(PROBLEM TO WORK ON) Reproduce the listing below from the line with "Ventil Quarq ventil" to the line with "Casa en venta", both lines included, character for character, minus any pictures.

<<<<

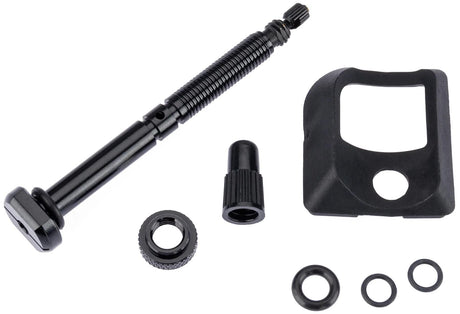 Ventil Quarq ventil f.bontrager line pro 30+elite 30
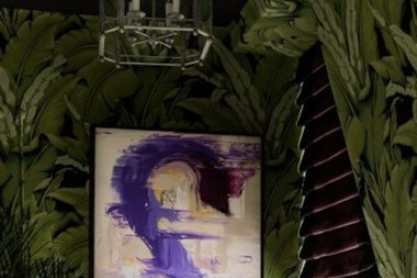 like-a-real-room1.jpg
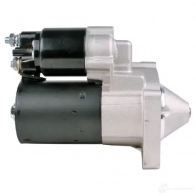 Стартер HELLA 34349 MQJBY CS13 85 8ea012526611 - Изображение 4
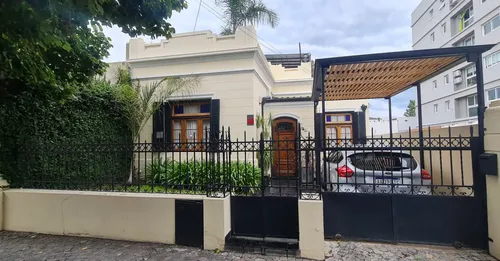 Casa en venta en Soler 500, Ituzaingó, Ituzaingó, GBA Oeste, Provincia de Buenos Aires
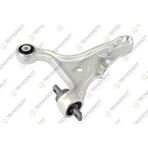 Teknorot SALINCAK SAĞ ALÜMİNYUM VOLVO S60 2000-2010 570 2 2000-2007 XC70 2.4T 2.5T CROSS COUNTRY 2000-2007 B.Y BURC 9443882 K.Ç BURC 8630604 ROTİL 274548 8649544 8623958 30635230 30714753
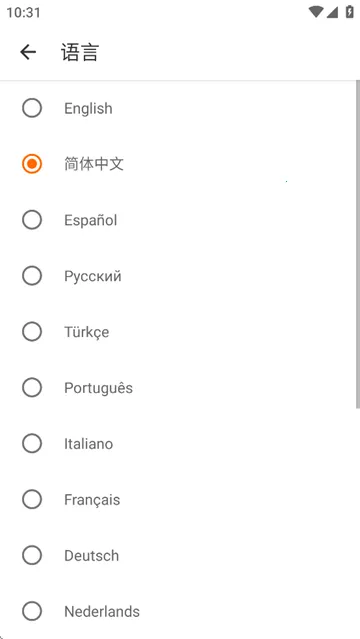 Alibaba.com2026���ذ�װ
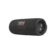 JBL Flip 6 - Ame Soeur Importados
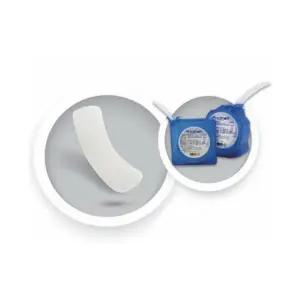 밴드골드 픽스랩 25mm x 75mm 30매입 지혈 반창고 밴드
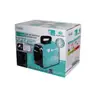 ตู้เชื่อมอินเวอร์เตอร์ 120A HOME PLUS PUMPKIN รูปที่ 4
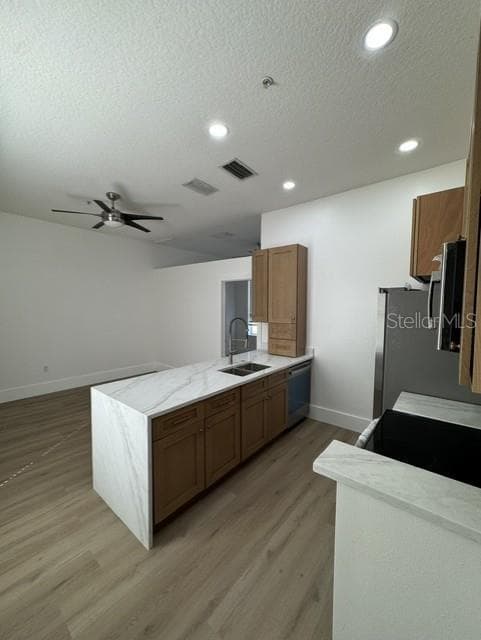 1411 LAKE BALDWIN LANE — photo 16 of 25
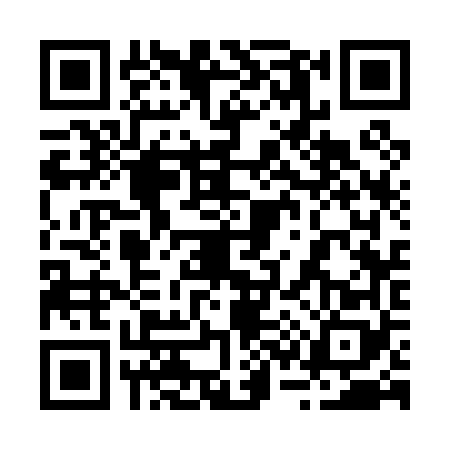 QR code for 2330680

>>>>
<<<<

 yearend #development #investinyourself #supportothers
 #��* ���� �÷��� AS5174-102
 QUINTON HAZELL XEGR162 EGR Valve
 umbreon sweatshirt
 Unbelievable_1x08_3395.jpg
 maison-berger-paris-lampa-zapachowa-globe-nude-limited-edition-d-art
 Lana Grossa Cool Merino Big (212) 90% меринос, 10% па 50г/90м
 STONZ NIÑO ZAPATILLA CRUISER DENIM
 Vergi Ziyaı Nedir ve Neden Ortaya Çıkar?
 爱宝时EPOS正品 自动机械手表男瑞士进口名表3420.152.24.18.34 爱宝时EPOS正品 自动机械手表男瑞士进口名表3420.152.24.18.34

>>>>
<<<<

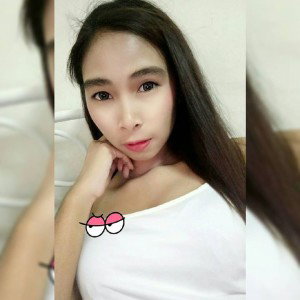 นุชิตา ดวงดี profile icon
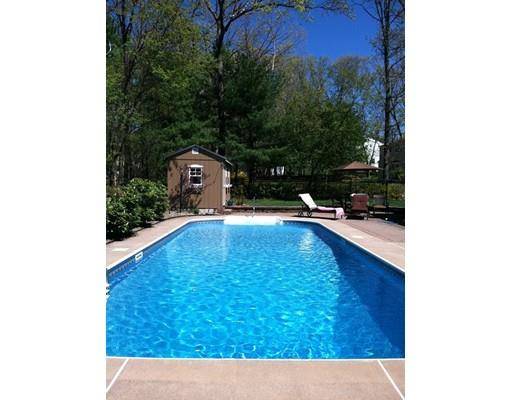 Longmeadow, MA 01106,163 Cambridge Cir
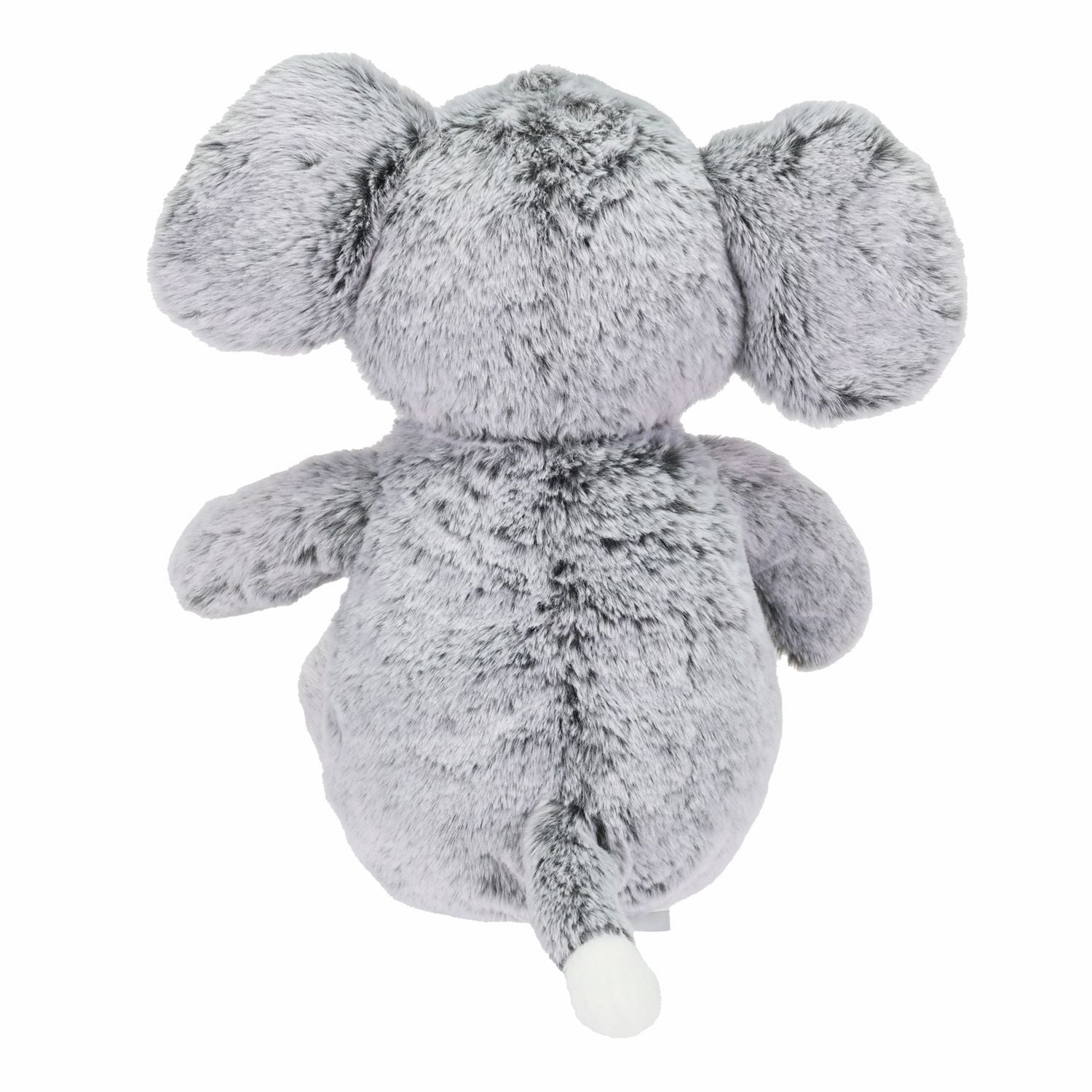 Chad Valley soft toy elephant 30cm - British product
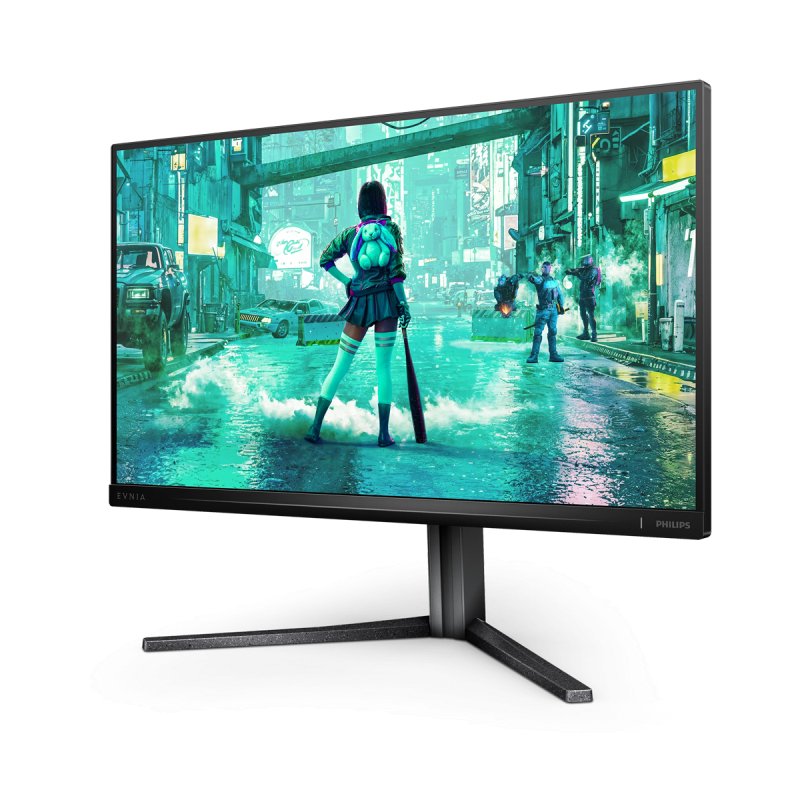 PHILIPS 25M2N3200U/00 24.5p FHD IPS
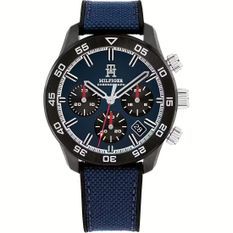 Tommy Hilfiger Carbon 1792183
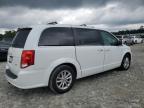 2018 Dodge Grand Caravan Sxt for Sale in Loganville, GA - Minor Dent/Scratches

>>>>

(RESULT OF THE TASK)
 Ventil Quarq ventil f.bontrager line pro 30+elite 30
 like-a-real-room1.jpg
 Стартер HELLA 34349 MQJBY CS13 85 8ea012526611 - Изображение 4
 Casa en venta en Soler 500, Ituzaingó, Ituzaingó, GBA Oeste, Provincia de Buenos Aires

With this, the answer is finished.